Olay karşısında halk, büyük bir kenetlenme ve dayanışma örneği göstermekte. Alevi, Sünni, Laz, Çerkez, Kürt, Türk tüm yurdum insanı acıyı yüreğinde hissetmekte, ülkenin dört bir yanından yardım eli uzatılmaktadır. Hal böyleyken iktidarın ve taraftarlarının yanlı, beceriksiz hırçın tutumları ise düşündürücüdür.
Örneğin eski AKP Milletvekili Nursen Kocabaş Reyhanlıoğlu’nun, Kahramanmaraş’ta incelemelerde bulunan Ekrem İmamoğlu’na “İngiliz Uşağı” diye saldırısı, suçlarını gizlemenin bir göstergesi olsa gerektir. Olayı iktidar taraftarı Yeni şafak Gazetesi bile kınamak zorunda kalmıştır. Utanmazlığın bu kadarına pes diyoruz.
İktidarın taraflı ve beceriksiz tutumu, kayıpların artmasına neden olmuştur. En çok faydalanılacak askerin gücünü, ancak depremden 58 saat sonra sınırlı sayıda devreye sokmuştur. Depremde ilk 24 saatin çok önemli olduğunu uzmanlar söylüyor. Bu hayati olayda bile partizanlık ve senden, benden ayrımı yapılıyor. 1999 depreminde sayısız katkıları olan, Nasuh Mahruki’nin başında olduğu AKUT devre dışı bırakılmış. Liyakatsız kadrolarla AFAT’ı devreye sokmuştur. Başına da İmam Hatip mezunu konuyla ilgisi olmayan birini getirmiştir. Bari adamı biraz eğitin yetiştirin. İş becerisinden yoksun kişiler işin başında, sonuç ise ortada.
1999 yılı Gölcük depreminden sonra çıkarılan Özel Tüketim Vergisinin (ÖTV’nin) amacı; depremde zarar görenlere yeni konutlar yapmak, mevcut binaları sağlamlaştırmak, depremzedelere kira, gıda ve barınma yardımında bulunmaktı. 1999 yılından 2019 yılına kadar, 20 yılda elde edilen toplam gelir 66 milyar 379 milyon lira toplanmış. Bu para ortada yok. Ne yaptınız? Yol yaptık, köprü yaptık diyorlar. Sonra bu ad altında yandaşa para aktarılıyor. Depremzedeler kaderine yansın.

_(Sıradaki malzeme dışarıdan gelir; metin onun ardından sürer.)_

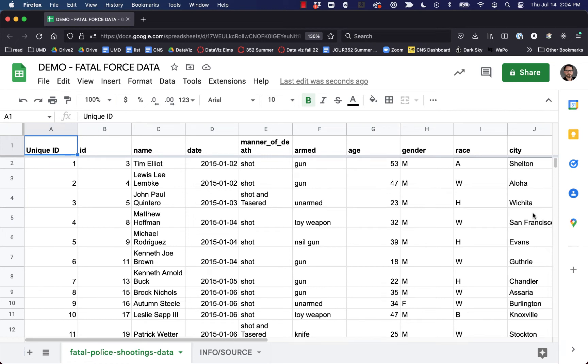Hi, welcome. Today we're going to learn how to use pivot tables in Google Sheets. This process will be really similar if you use Microsoft Excel, but for this class and just in general I tend to use Google Sheets these days.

Sonra da “Ay’a sert iniş” yapacağını söyleyen iktidar, üç günde depremde yerle bir olan Hatay’a giremiyor. Yurt içi ve dışından yardım yağıyor. İktidar yığın yığın yardımları organize edip, halka ulaştırmaktan aciz. Hokus pokus yöntemleri ile kendi örgütümün reklamını nasıl yaparım telaşında.
Bölgede tam bir can pazarı yaşanıyor, en temel sorunlardan, tuvalet, ekmek, su, ısınma sorunu çözülememişken, Melikgazi Belediyesinin seyyar mescit göndermesi, sanıyorum Nobel’e aday olacak bir duyarlılık!
Depremden ölmeyenler, enkaz altında zamanında ulaşamamaktan soğuktan, açlık ve susuzluktan ölmekte. İnternetin yavaşlatılması, Twitter’in kesilmesi hangi insani gerekçeye dayandırılabilir?
Enkaz altından zamanında ulaşılıp kurtarılamayanların ahı, kuşku yok ki sorumlularını da enkaz altında bırakmıştır.